第88章
- FROM THE EARTH TO THE MOON
- 佚名
- 669字
- 2016-03-02 16:29:08
"Do not excite yourself, my worthy president," replied Michel;"might it not be possible that the dark lines forming that bastion were rows of trees regularly placed?""You stick to your vegetation, then?" said Barbicane.
"I like," retorted Michel Ardan, "to explain what you savants cannot explain; at least my hypotheses has the advantage of indicating why these rifts disappear, or seem to disappear, at certain seasons.""And for what reason?"
"For the reason that the trees become invisible when they lose their leaves, and visible again when they regain them.""Your explanation is ingenious, my dear companion," replied Barbicane, "but inadmissible.""Why?"
"Because, so to speak, there are no seasons on the moon's surface, and that, consequently, the phenomena of vegetation of which you speak cannot occur."Indeed, the slight obliquity of the lunar axis keeps the sun at an almost equal height in every latitude. Above the equatorial regions the radiant orb almost invariably occupies the zenith, and does not pass the limits of the horizon in the polar regions; thus, according to each region, there reigns a perpetual winter, spring, summer, or autumn, as in the planet Jupiter, whose axis is but little inclined upon its orbit.
What origin do they attribute to these rifts? That is a question difficult to solve. They are certainly anterior to the formation of craters and circles, for several have introduced themselves by breaking through their circular ramparts. Thus it may be that, contemporary with the later geological epochs, they are due to the expansion of natural forces.

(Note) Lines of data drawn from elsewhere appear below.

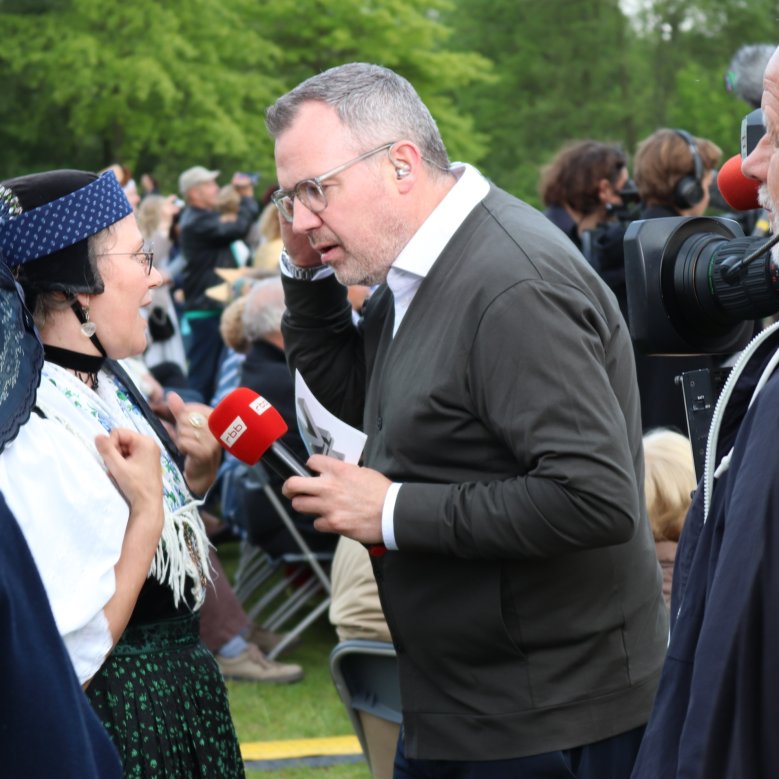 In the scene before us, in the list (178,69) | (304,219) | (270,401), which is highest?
(304,219)

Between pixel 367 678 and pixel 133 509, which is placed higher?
pixel 133 509

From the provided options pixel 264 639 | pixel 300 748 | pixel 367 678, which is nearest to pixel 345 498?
pixel 367 678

But the projectile had now attained the fortieth degree of lunar latitude, at a distance not exceeding 40 miles. Through the glasses objects appeared to be only four miles distant.
At this point, under their feet, rose Mount Helicon, 1,520 feet high, and round about the left rose moderate elevations, enclosing a small portion of the "Sea of Rains," under the name of the Gulf of Iris. The terrestrial atmosphere would have to be one hundred and seventy times more transparent than it is, to allow astronomers to make perfect observations on the moon's surface; but in the void in which the projectile floated no fluid interposed itself between the eye of the observer and the object observed. And more, Barbicane found himself carried to a greater distance than the most powerful telescopes had ever done before, either that of Lord Rosse or that of the Rocky Mountains. He was, therefore, under extremely favorable conditions for solving that great question of the habitability of the moon; but the solution still escaped him; he could distinguish nothing but desert beds, immense plains, and toward the north, arid mountains. Not a work betrayed the hand of man;not a ruin marked his course; not a group of animals was to be seen indicating life, even in an inferior degree. In no part was there life, in no part was there an appearance of vegetation.
Of the three kingdoms which share the terrestrial globe between them, one alone was represented on the lunar and that the mineral.
"Ah, indeed!" said Michel Ardan, a little out of countenance;"then you see no one?"
"No," answered Nicholl; "up to this time, not a man, not an animal, not a tree! After all, whether the atmosphere has taken refuge at the bottom of cavities, in the midst of the circles, or even on the opposite face of the moon, we cannot decide.""Besides," added Barbicane, "even to the most piercing eye a man cannot be distinguished farther than three and a half miles off;so that, if there are any Selenites, they can see our projectile, but we cannot see them."Toward four in the morning, at the height of the fiftieth parallel, the distance was reduced to 300 miles. To the left ran a line of mountains capriciously shaped, lying in the full light. To the right, on the contrary, lay a black hollow resembling a vast well, unfathomable and gloomy, drilled into the lunar soil.